== Working data ==

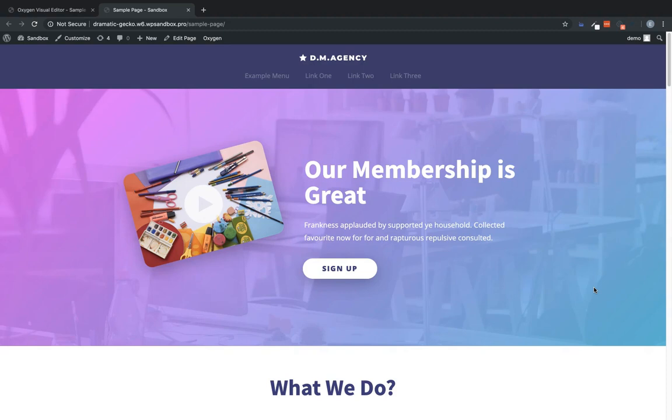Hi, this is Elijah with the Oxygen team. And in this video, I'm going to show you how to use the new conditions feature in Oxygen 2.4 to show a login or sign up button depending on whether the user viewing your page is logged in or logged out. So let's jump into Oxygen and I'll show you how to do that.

===
== Working data ==

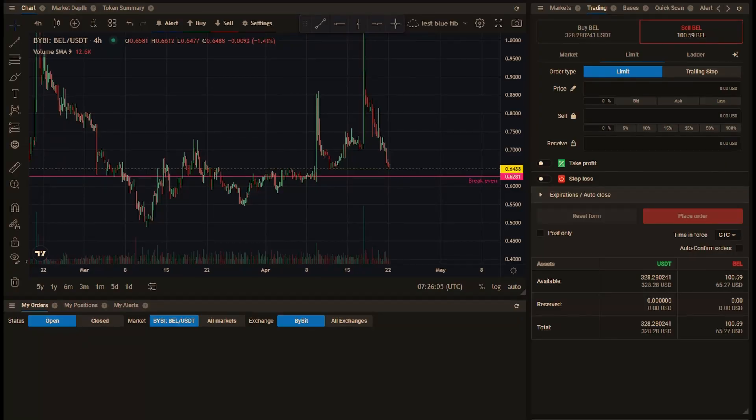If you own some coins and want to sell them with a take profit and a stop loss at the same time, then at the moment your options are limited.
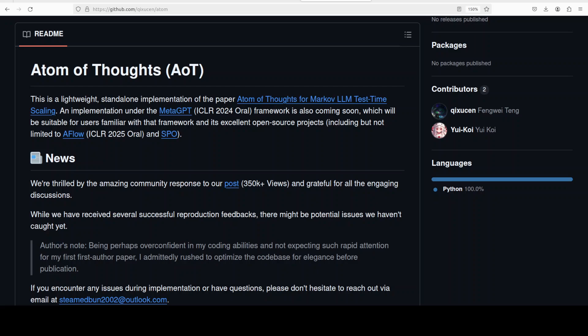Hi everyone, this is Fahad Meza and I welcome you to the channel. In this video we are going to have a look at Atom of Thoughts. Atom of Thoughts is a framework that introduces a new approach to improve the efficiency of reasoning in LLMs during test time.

===

## Task statement
From the records above, copy only the lines running from the line holding "If you own some" through the line holding "Hi everyone, this", with no pictures.

## Exercise output
If you own some coins and want to sell them with a take profit and a stop loss at the same time, then at the moment your options are limited.
Hi everyone, this is Fahad Meza and I welcome you to the channel. In this video we are going to have a look at Atom of Thoughts. Atom of Thoughts is a framework that introduces a new approach to improve the efficiency of reasoning in LLMs during test time.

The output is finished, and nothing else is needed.